To acquire the ownership of (property) by giving an accepted price or consideration therefor, or by agreeing to do so; to acquire by the payment of a price or value; to purchase; opposed to sell. "Buy what thou hast no need of, and ere long thou wilt sell thy necessaries."
2.
To acquire or procure by something given or done in exchange, literally or figuratively; to get, at a cost or sacrifice; to buy pleasure with pain. "Buy the truth and sell it not; also wisdom, and instruction, and understanding."
To buy again.
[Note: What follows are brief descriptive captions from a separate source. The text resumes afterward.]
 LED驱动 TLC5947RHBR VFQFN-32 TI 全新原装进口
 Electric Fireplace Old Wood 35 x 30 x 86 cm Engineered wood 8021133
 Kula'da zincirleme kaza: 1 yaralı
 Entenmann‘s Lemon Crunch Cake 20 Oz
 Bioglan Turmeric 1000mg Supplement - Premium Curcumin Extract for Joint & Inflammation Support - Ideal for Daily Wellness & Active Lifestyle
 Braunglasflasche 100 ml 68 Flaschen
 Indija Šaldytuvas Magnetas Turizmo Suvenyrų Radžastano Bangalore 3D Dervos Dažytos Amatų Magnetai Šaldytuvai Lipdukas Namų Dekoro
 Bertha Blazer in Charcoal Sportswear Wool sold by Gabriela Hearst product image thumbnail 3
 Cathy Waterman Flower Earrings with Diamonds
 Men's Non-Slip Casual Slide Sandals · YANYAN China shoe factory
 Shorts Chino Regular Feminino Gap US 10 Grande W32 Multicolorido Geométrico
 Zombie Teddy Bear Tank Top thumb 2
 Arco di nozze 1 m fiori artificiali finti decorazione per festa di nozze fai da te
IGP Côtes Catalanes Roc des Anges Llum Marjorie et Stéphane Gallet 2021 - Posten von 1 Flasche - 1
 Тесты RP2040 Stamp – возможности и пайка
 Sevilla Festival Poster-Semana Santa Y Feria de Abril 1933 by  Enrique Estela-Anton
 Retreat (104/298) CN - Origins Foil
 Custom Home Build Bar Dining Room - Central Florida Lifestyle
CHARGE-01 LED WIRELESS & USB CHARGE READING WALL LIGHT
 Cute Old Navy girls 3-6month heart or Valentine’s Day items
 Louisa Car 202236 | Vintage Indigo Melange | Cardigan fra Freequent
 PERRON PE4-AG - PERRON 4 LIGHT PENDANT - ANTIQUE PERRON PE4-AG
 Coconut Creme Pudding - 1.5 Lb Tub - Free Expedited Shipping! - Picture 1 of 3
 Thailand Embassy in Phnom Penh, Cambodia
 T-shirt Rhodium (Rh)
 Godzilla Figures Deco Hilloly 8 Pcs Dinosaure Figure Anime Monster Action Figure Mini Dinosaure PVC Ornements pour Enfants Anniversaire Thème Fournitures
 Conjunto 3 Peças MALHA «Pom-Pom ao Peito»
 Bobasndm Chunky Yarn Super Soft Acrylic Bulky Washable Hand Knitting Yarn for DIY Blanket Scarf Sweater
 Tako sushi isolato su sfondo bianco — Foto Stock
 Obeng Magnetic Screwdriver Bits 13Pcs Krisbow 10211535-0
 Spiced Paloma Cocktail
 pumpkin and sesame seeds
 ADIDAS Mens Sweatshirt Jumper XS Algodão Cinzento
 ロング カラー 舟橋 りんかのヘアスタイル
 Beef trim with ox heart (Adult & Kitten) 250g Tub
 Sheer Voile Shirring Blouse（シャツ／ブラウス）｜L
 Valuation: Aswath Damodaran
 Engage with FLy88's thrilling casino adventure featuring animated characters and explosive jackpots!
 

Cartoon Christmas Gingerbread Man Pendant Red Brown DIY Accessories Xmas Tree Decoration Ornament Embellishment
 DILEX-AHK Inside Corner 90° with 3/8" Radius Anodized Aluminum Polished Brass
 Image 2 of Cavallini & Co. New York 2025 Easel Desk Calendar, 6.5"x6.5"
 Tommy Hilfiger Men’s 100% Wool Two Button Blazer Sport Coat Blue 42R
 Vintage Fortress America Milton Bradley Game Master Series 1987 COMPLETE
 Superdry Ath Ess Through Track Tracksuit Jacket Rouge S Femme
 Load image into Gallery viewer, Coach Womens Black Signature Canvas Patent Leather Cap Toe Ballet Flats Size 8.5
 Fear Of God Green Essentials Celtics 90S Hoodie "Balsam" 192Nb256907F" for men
See Againbuy. (Obs.)
To buy off.
(a)
To influence to compliance; to cause to bend or yield by some consideration; as, to buy off conscience.
(b)
To detach by a consideration given; as, to buy off one from a party.
To buy out
(a)
To buy off, or detach from.
(b)
To purchase the share or shares of in a stock, fund, or partnership, by which the seller is separated from the company, and the purchaser takes his place; as, A buys out B.
(c)
To purchase the entire stock in trade and the good will of a business.
To buy in, to purchase stock in any fund or partnership.
To buy on credit, to purchase, on a promise, in fact or in law, to make payment at a future day.
To buy the refusal (of anything), to give a consideration for the right of purchasing, at a fixed price, at a future time.



buy-out, buy out  v.  To take over ownership of; of corporations and companies.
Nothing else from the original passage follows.